The Contrarians on Stress: It Can Be Good for You - prostoalex
http://www.nytimes.com/2014/10/04/your-money/the-contrarians-on-stress-it-can-be-good-for-you-.html?smid=fb-nytimes&smtyp=cur&bicmp=AD&bicmlukp=WT.mc_id&bicmst=1409232722000&bicmet=1419773522000&_r=0
======
joe_the_user
This seems like an exercise in apologetics for a regime of constant layoffs.

Notice that no direct evidence is provided that stress is actually good for
you - one study they cite merely shows that the suggestion that stress could
be beneficial seems to make a person perform better under stress
(demonstrating the power of suggestion rather than the benefits of stress)

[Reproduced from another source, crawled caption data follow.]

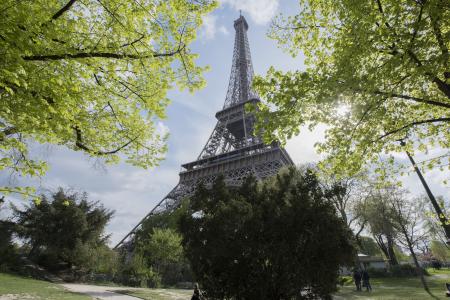 image tour Eiffel et jardins 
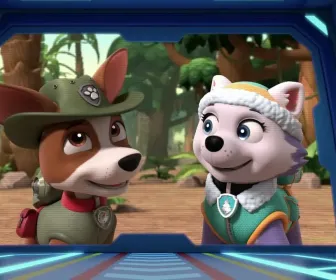 Paw Patrol, la Pat'Patrouille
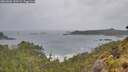 ./images/calvert/foggy-cove/20260604/foggy-cove20260604_100501M.jpg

while another study shows that boredom can also be bad for you. Elsewhere,
they cite how a study showing the ills of stress was misused. Nothing here
seems to back the conclusion that stress is beneficial.

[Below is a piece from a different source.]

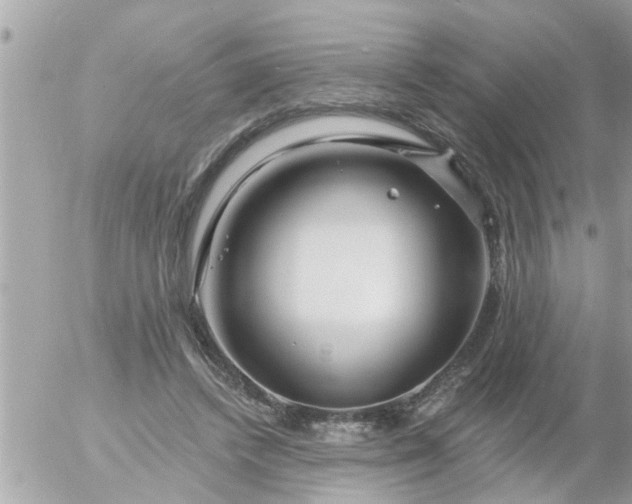 X0000055520448200508262210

Work, of course, is not war, but this Paul Fussell[1] quote comes to mind as a
demonstration that everyone has a finite tolerance for stress: _" In war it is
not just the weak soldiers, or the sensitive ones, or the highly imaginative
or cowardly ones, who will break down. All will break down if in combat long
enough. "Long enough" is now defined by physicians and psychiatrists as
between 200 and 240 days."_

[1]
[http://www.theatlantic.com/past/docs/unbound/bookauth/battle...](http://www.theatlantic.com/past/docs/unbound/bookauth/battle/fussell.htm)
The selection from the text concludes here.